Q Should penalties for cruelty to animals be increased?
The proposed new penalties for animal cruelty are clearly a step in the right direction ('Big increase in penalties for cruelty to animals', April 7). What concerns me more, however, would be the reluctance of the courts to enforce them. Even under the current law, which allows for a maximum fine of $5,000 and a maximum jail sentence of six months, out of the 26 convictions that were secured between January 2004 and September last year, only two people were jailed, each for less than one month, and the others were fined an average of only $1,292. It seems that primarily it's not the law that is wrong but soft magistrates who don't hand down maximum fines and sentences.
Animals deserve protection from cruelty. Where humans choose to include animals in human society and in their families, animals deserve to be protected from human violence. Animal abusers should be brought to justice to ensure that the chain of abuse ends with that animal.
It is well recognised that those who are violent to animals are often violent to humans. If someone can hurt, torture and kill defenceless creatures for amusement or an ego trip, they are the type of person who has it in them to treat their fellow human beings in the same manner. The only difference is that they know they will be answerable in that instance. Is the transition from torturing a helpless cat to torturing a helpless baby all that great?
A maximum jail sentence of one year may still be too lenient. In Alabama, the minimum penalty for felony animal cruelty is a year and a day in prison, while the maximum sentence is a 10-year jail term and a US$5,000 fine. This law was known as the Gucci Bill, inspired by a dog named Gucci which was hanged from a tree and set on fire by teenagers.

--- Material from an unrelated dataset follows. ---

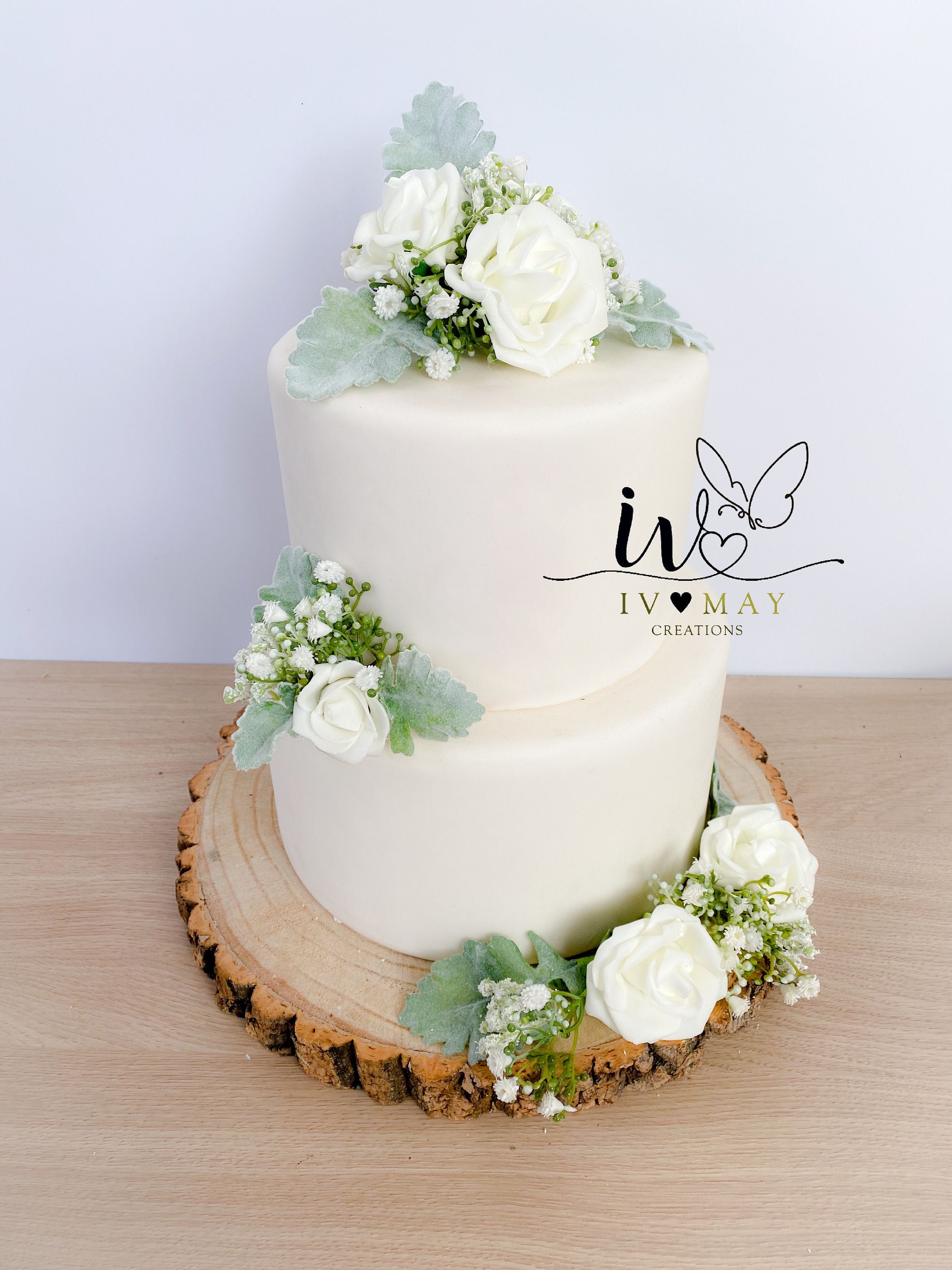 Buttercream finished wedding cake with fresh lavender and gypsophila on  rustic tree stum  Wedding cake gypsophila Wedding cake table Rustic  wedding cake toppers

It is regrettable that our legislators feel less strongly about corresponding animal cruelty cases in Hong Kong, such as Pan Pan, the dog abandoned at a rubbish dump in Yuen Long who was just a puppy when his legs were chopped off. A 'Pan Pan Bill' along the Alabama lines may be in order.
Paul Liang, Sai Wan Ho
Q Will you refuse to accept bags on No Plastic Bag Day?

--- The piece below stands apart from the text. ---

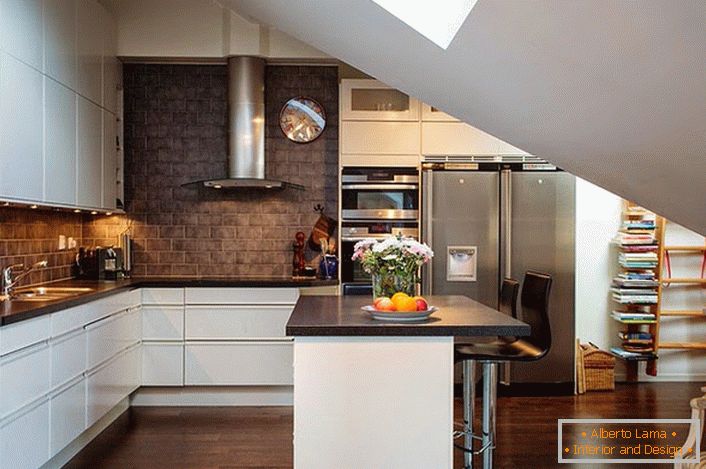 Kuhinja na podstrešju je urejena v skandinavskem slogu. Bele kuhinjske garniture dobro izgledajo ob stenah temnih opek.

While standing at a check-out in a Wellcome supermarket with my cloth bag in hand, I was amused by the sign that attempts to discourage the use of plastic bags: To conserve the environment ask 'Have you 'Bring your own bag'?'
Wellcome is to be congratulated for joining the campaign against plastic bags but might also consider joining the Workplace English Campaign.
On other matters...
I received a traffic ticket on April 7 at about 10.30pm. I was leaving the airport, heading towards Kowloon. I was driving in the fast lane at 110km/h. My focus was on not speeding. There were hardly any cars and I was pulled over by a motorcycle police officer because I was driving in the fast lane for an extended period and received a ticket because I was not passing another car.

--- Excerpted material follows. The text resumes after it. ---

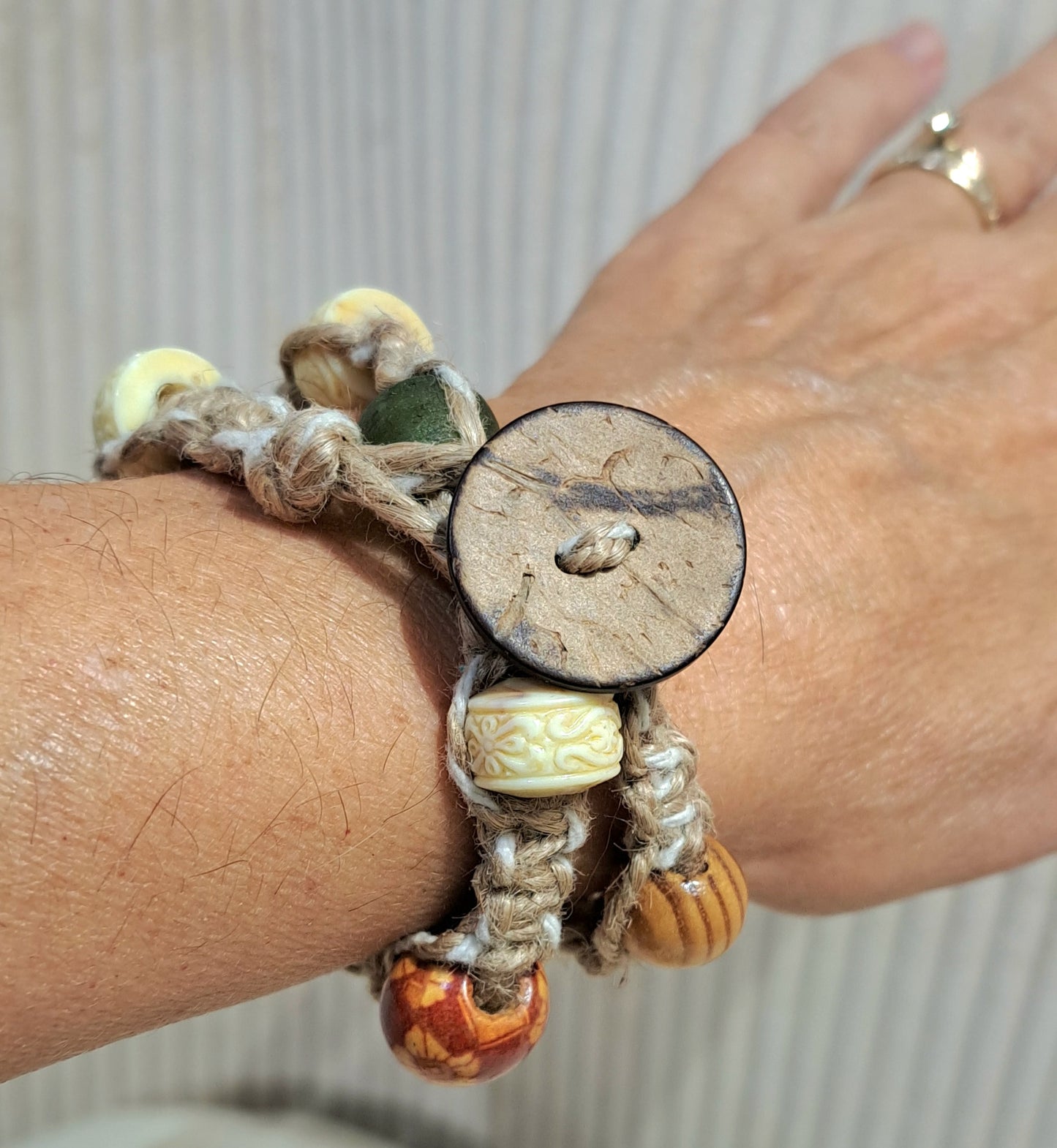 Natural double wrapped jute bracelet with African recycled glass and etched bakelite beads.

My problem with this law lies on several levels. First, driving in the fast lane at the speed limit poses minimal danger. Second, I feel that cutting back and forth from the middle lane to the passing lane at night would pose more of a danger. Third, I have always thought the signs posted on the expressway were meant as a courtesy to other cars which wanted to exceed the speed limit.
This law makes sense as a courtesy but it doesn't make sense if it is punishable by a fine of $450. My advice to other drivers is to do the more dangerous thing and avoid driving straight on the 'passing' lane. It will save you money.
Name and address supplied
The finding of a long-term clinical study is bringing good news to chronic hepatitis B patients who may otherwise have to rely on life-long medication. The new treatment is promising and the patients may have a chance to get 'close to cure' status after a period of 48 weeks.
However, we discover the information provided in the article with the headline 'New hepatitis B drug may end lifelong treatments' is incomplete.
The article, on C4 on March 30, said: 'Some 83 per cent of patients who had peginterferon injections for 48 weeks achieved seroconversion, which means a strong immune reaction had developed one year after treatment ended.'
The complete message should be: 'The follow-up study targets at the Asian patients who have completed the 48-week treatment period on the new medicine peginterferon alpha 2a, and achieved HBeAg seroconversion at six months post-treatment. HBeAg stands for hepatitis B e-antigen. Seroconversion means that the body has developed a strong immune reaction so that the antigen disappears and the body has started to develop antibodies to fight the hepatitis B virus.
'Result - of those patients who have completed the treatment period and have maintained HBeAg seroconversion at six months post-treatment, 83 per cent of them can maintain their seroconversion at 12 months post-treatment ...'
Your article inflated the result of the clinical study. As medical communities worldwide value accuracy of clinical studies, such inflation will put George Lau Ka-kit, leader of the clinical study representing research from the University of Hong Kong, into a situation where his professionalism will be challenged. Can you please publish the correct information for the interest of the public and for Dr Lau's reputation.